**To do:**
An exact copy is needed of each line from the one including "Lollipop phone cord" through the last line of the entries, both ends counted, with nothing added.

————————

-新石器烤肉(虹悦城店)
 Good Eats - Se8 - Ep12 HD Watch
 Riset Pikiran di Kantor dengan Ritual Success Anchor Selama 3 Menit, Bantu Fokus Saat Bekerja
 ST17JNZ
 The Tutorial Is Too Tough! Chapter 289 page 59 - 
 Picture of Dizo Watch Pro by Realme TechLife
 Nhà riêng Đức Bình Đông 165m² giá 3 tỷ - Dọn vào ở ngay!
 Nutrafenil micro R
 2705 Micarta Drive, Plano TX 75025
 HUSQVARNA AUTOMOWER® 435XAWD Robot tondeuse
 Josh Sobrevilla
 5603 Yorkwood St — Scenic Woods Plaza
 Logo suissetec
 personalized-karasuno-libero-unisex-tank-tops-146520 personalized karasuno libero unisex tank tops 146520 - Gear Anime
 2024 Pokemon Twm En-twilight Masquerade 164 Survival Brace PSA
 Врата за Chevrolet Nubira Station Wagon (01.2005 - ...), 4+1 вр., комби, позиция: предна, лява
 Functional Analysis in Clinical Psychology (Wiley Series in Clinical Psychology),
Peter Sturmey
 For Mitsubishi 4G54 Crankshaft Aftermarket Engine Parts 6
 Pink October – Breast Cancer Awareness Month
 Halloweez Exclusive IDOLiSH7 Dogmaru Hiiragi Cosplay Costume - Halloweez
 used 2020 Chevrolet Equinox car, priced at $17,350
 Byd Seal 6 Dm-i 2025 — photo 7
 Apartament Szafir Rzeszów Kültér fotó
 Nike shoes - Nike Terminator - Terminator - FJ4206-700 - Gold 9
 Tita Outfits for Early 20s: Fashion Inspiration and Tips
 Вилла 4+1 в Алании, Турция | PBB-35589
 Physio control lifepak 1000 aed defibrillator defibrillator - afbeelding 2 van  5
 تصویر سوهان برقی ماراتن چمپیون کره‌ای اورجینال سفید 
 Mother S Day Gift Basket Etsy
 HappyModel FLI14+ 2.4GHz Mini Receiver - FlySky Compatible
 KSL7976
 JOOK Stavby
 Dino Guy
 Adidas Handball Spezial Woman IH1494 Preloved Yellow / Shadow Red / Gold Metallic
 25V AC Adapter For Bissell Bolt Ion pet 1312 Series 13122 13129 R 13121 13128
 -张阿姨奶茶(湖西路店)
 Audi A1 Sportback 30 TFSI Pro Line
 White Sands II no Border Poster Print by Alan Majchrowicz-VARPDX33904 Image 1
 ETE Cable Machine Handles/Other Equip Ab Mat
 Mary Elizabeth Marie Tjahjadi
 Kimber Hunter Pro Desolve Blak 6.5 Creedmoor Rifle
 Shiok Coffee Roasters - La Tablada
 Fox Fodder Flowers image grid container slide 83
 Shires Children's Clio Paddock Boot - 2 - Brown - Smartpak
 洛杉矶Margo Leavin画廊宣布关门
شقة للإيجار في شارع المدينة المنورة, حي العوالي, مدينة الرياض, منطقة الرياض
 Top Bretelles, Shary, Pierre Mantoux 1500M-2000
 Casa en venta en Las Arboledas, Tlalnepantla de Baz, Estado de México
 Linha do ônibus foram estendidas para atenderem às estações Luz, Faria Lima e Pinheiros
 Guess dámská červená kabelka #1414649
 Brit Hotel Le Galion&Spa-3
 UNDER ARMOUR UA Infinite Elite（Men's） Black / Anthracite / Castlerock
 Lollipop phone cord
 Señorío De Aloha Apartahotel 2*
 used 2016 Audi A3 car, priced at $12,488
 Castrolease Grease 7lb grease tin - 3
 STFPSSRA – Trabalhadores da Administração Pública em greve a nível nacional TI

————————

**Answer section:**
 Lollipop phone cord
 Señorío De Aloha Apartahotel 2*
 used 2016 Audi A3 car, priced at $12,488
 Castrolease Grease 7lb grease tin - 3
 STFPSSRA – Trabalhadores da Administração Pública em greve a nível nacional TI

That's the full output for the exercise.